The topping combination is mine, but I must thank chefs Johanne Killeen and George Germon for their terrific grilled pizza dough recipe. Germon is credited with inventing grilled pizza at their award-winning restaurant, Al Forno. I use cornmeal in my dough (Germon recommends johnnycake meal, which is widely available in his home state of Rhode Island), but he lists cornmeal as a substitute.

For those who don't consume pork: skip the ricotta. Throw a red bell pepper or two on the grill with the radicchio, and char. Let the blackened peppers steam in a bowl covered with plastic wrap, allow to cool, then peel. Cut the pepper into strips, season, and toss with balsamic vinegar. Proceed with the following recipe, the roasted red pepper and grated Parmesan in place of pancetta and ricotta (put the Parmesan on top of the other ingredients, rather than the bottom).

Grilled Pizza with Radicchio, Ricotta, and Pancetta
Serves 1-2

Grilled Pizza Dough
Adapted from Cucina Simpatica
Makes enough dough for four 12-inch pieces, about 24 ounces total

1 envelope (2 1/2 teaspoons) active dry yeast
1 cup warm water
pinch sugar
2 1/4 teaspoons kosher salt
1/4 cup finely ground cornmeal
3 tablespoons whole-wheat flour
1 tablespoon olive oil
2 1/2 to 3 1/2 cups unbleached all-purpose flour

Combine the yeast, warm water and sugar in a large bowl, stirring to dissolve the solids. Let it sit for 5 minutes, then add the salt, cornmeal, whole-wheat flour and oil. Add the white flour 1/2 cup at a time, stirring to combine and create a stiff yet pliable dough (you may not need all 3 1/2 cups of flour). Turn the dough onto a lightly floured surface and knead for about 8 minutes. Add only enough flour to keep the dough from sticking to the work surface.

When the dough is smooth, put it in a bowl lightly greased with olive oil and turn it over in the bowl, coating the entire surface. Cover the bowl with plastic wrap and let the dough rise until doubled, about 1 1/2 hours.

Remove the dough from the bowl, punch it down, and knead again for a couple of minutes. Allow it to rise a second time, for about 40 minutes. After the second rise, it's ready to be used.

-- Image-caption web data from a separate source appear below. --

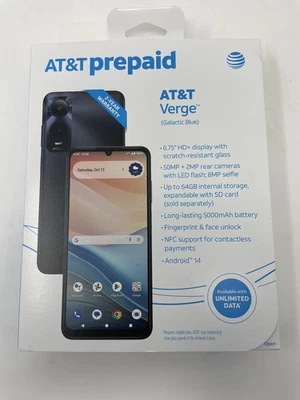 NEW AT&T Prepaid Verge Galactic Blue Android - Image 1 of 2
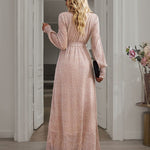 V-neck High Split Long Evening Dress with Belt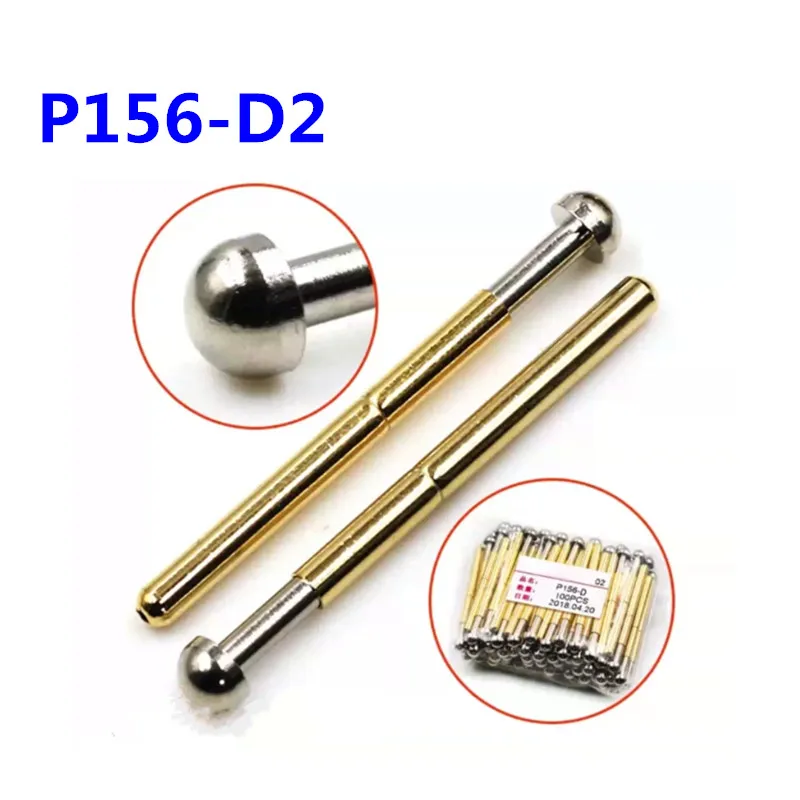 20PCS/Pack P156-D2 Large Round Head Spring Test Pin Outer Diameter 2.36mm Length 33.35mm For TCT Test
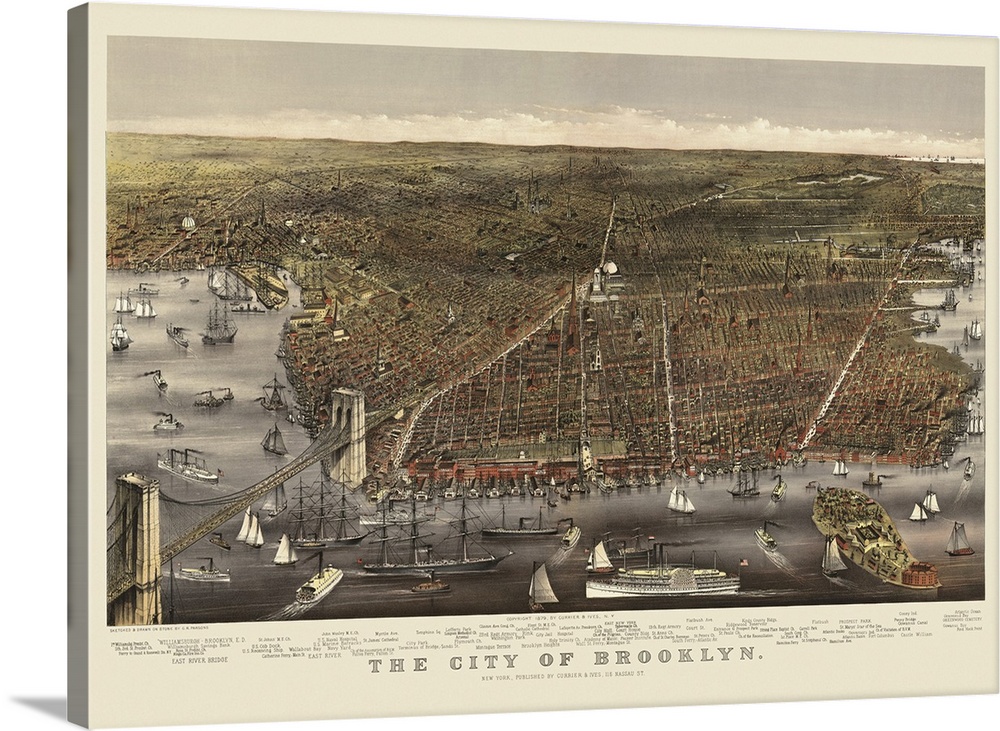 This large piece is a vintage map of the city of Brooklyn. The water that surrounds the city is filled with various boats ...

Punch down again and divide into 4 balls. Each will make a 12-inch pizza serving 4 as an appetizer or 1-2 as a main course. This dough freezes well for about 2 months.

Pizza Toppings
Enough for 2 pizzas

1 small head radicchio, cut into wedges
4 thin slices pancetta
a heaping 1/3 cup ricotta cheese
1 shallot, minced
2 garlic cloves, minced
kosher salt
freshly ground black pepper
extra virgin olive oil
balsamic vinegar
3 tablespoons parsley, chopped

Cut the radicchio into wedges. (I sliced the head in half, then cut each half into quarters). Keep the core intact, as it makes it easier to grill. Brush with olive oil, season, and grill until lightly charred, 4-5 minutes. Remove from the grill, cut the leaves from the core, and toss them with a balsamic vinegar to taste, about 2 teaspoons. Add salt and pepper as necessary.

Grill the pancetta slices for 2-3 minutes, until it begins to curl and crisp. Remove from the grill and break into pieces.

Place the ricotta cheese in a small bowl. Add the minced garlic and shallot (if you're sensitive to raw onion, you can cook the them in a little olive oil on low heat until soft, then add to the cheese). Season with salt and freshly ground pepper. Stir to combine.

When it's time to make pizza, bring your toppings to the grill on a tray. You will need a small ramekin containing a few spoonfuls of olive oil, a pastry brush, and tongs.

Germon insists that only a wood or charcoal grill will work for grilled pizza, as gas grills don't get hot enough for his liking. I've had success on a gas grill, and if it's what you have, please, grill pizza!  I prefer the flavor charcoal adds, but gas grills are less labor intensive.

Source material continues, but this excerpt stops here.